Q1: Comments to author(s). First provide a summary of the paper, and then address the following criteria: Quality, clarity, originality and significance. (For detailed reviewing guidelines, see
This work explores the problem of identifying and filtering out *adversarial* workers in crowdsourced classification problems. A worker is adversarial if his/her voting strategy doesn’t follow the standard random process: vote correctly with probability p and incorrectly with probability 1-p, where p is the worker’s reliability. To solve the problem of adversarial worker filtering, this paper proposes to attach reputation values to workers. The reputation value of a worker is calculated based on if this worker’s votes agree with other workers’ (in particular, this paper proposes to penalize disagreements instead of awarding agreements) The authors propose two versions of the penalty algorithms and prove their properties with different adversarial worker voting strategies. Experiments on both synthetic and real datasets are conducted.

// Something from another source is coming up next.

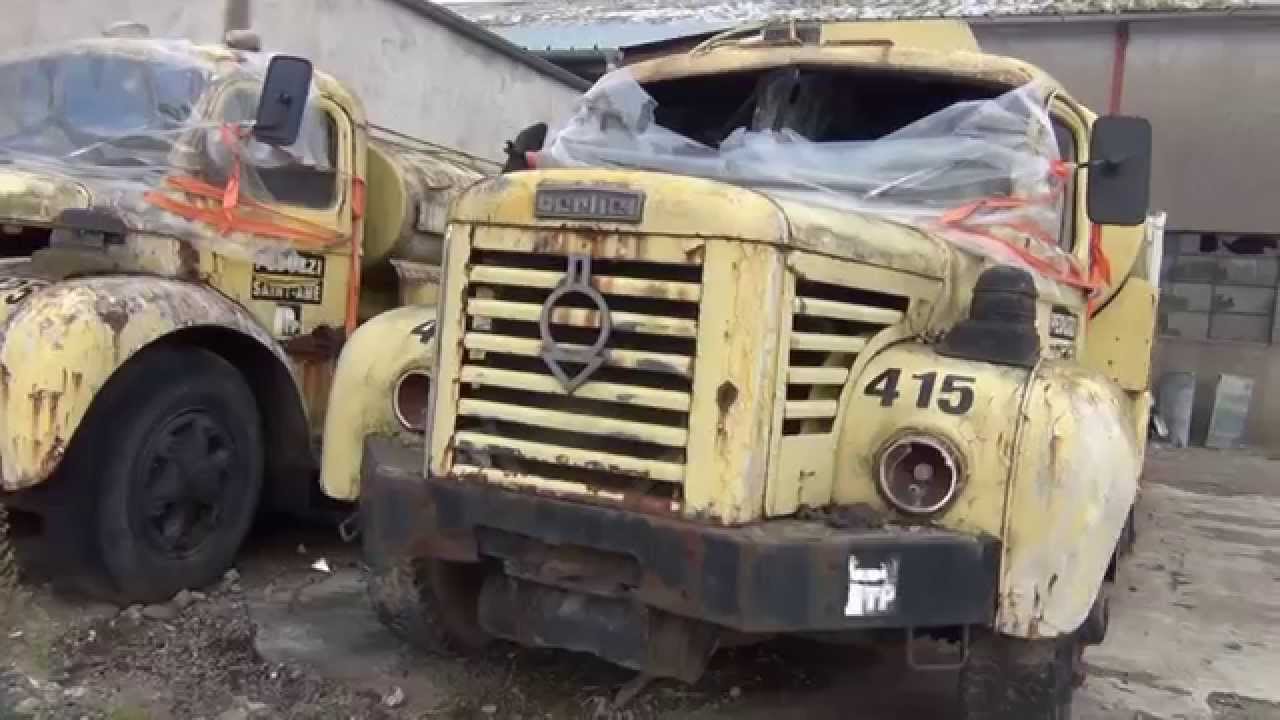 2 old trucks BERLIET GLR ABANDONED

I think this paper addresses a very interesting problem. Most of other papers on label aggregation assume workers’ votes are i.i.d. samples from some distribution. This paper considers different voting strategies and takes a step towards a more realistic setting. However, the theoretical analysis on hard penalty algorithms are not too satisfactory since 1) it’s hard to interpret the results and 2) the authors make a strong assumption in their analysis (i.e., honest workers are perfect). I also have some concerns about the experiment results. (Please see comments below.)

Some detailed comments:

- In the analysis of hard penalty assignment algorithm (and also the simulation), you assume the honest workers are perfect, i.e., give correct votes with probability 1. This seems to be a fairly strong assumption to me. Is this necessary in your analysis? Do you have intuitions on how to relax this assumption?

- The results of Theorem 3 and 4 are represented using the workers’ voting graph B_H. It would help the readers to get intuitions by giving examples to illustrate the bounds.

- In the experiments results on Table 2, the number of users being filtered out is different in each setting. I think you should show all the results (i.e., set the number of filtered users from 1 to 10) since you won’t know the optimal parameters when running your algorithm in real applications.

- In the experiments, your algorithm boosts the performance of ITER (by Karger et. al. 2011) the most. However, ITER assumes all workers complete the same number of tasks. If you want to apply ITER in datasets without this property, you should modify their algorithm by normalizing the messages at every step during the message passing. Otherwise the algorithm performance would just be dominated by the accuracies of workers who complete the most number of tasks. Without this modification, your algorithm is essentially just filtering out low-accuracy workers completing lots of tasks. It doesn’t provide evidences that your algorithm can filter out adversarial workers.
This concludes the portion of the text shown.